Cet article complète le calcul numérique de la simulation transitoire de démarrage basé sur ANSYS CFX 18.1. Le modèle de turbulence adopte le modèle de transport de contraintes de cisaillement (SST), en utilisant les résultats du champ d'écoulement en régime permanent à vitesse et débit nuls comme fichier d'entrée. L'interface entre la roue et l'aube radiale est réglée sur le mode stator-rotor avec rotor gelé, la rugosité de paroi est fixée à 0,125 mm et la condition limite de paroi est fixée sur une paroi antidérapante. La condition limite d'entrée est fixée à la pression totale d'entrée et la pression de référence est fixée à 1 atm. La condition limite de sortie est fixée au débit massique de sortie. L'intensité de la turbulence est moyenne (intensité = 5 %). Lorsque la vanne de fermeture est au point mort de fermeture au démarrage, le débit peut être considéré comme nul. Mais en réalité, l'écoulement interne de la pompe centrifuge multicellulaire circule toujours à un faible débit. Le débit peut être considéré comme une valeur constante pendant toute la durée de la fermeture et du démarrage de la vanne (Shao Jianjun, 2016). Ce débit représente 1 à 5 % du débit nominal de la pompe. Dans cet article, le débit massique est fixé à 0,01 kg/s. En phase transitoire d'ouverture de la vanne, la condition limite du débit est la valeur de variation du paramètre d'écoulement obtenue par simulation Flowmaster.
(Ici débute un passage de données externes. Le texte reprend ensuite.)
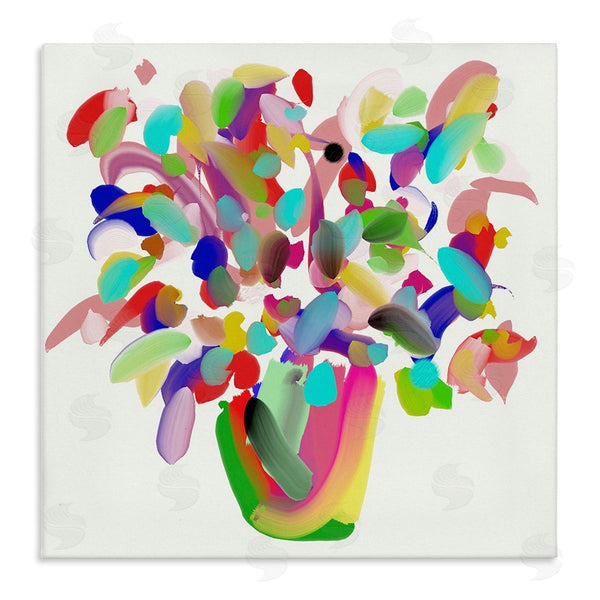 stupell industries Bellassai Art | Mood Flowers Bold Bouquet Wall Art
Dans cet article, le temps de calcul total de la transition de fermeture de la vanne est fixé à 2,5 s, celui de l'ouverture de la vanne à 3,8 s et le pas de temps à 0,002 s. Afin de garantir une convergence absolue à chaque pas de temps, le nombre maximal d'itérations par pas de temps est fixé à 50 et la valeur résiduelle de convergence à 0,0001.
La vitesse nominale est de 2985 tr/min et le temps de calcul total est de 2,5 s. Pendant 0 ≤ t ≤ 2,1 s, la vitesse est uniformément accélérée jusqu'à la vitesse nominale de 2985 tr/min. Pendant 2,1 s ≤ t ≤ 2,5 s, la vitesse est stable à 2985 tr/min.
La formule de calcul de la fonction d'expression de la vitesse au stade de transition de la fermeture de la vanne est présentée dans l'équation (3).
Pendant la phase de transition d'ouverture de la soupape, la vitesse de rotation nt reste constante, c'est-à-dire nt=-2,985[rpm-1].
Dans l'équation (3), Ttol = 2,1 [s], ce qui signifie que le temps de démarrage est de 2,1 s. La fonction Step() est une fonction du CFX lui-même, et sa valeur d'expression est indiquée dans l'équation (4).
La formule de calcul, écrite en fonction de l'expression d'efficacité η, est présentée dans l'équation (9).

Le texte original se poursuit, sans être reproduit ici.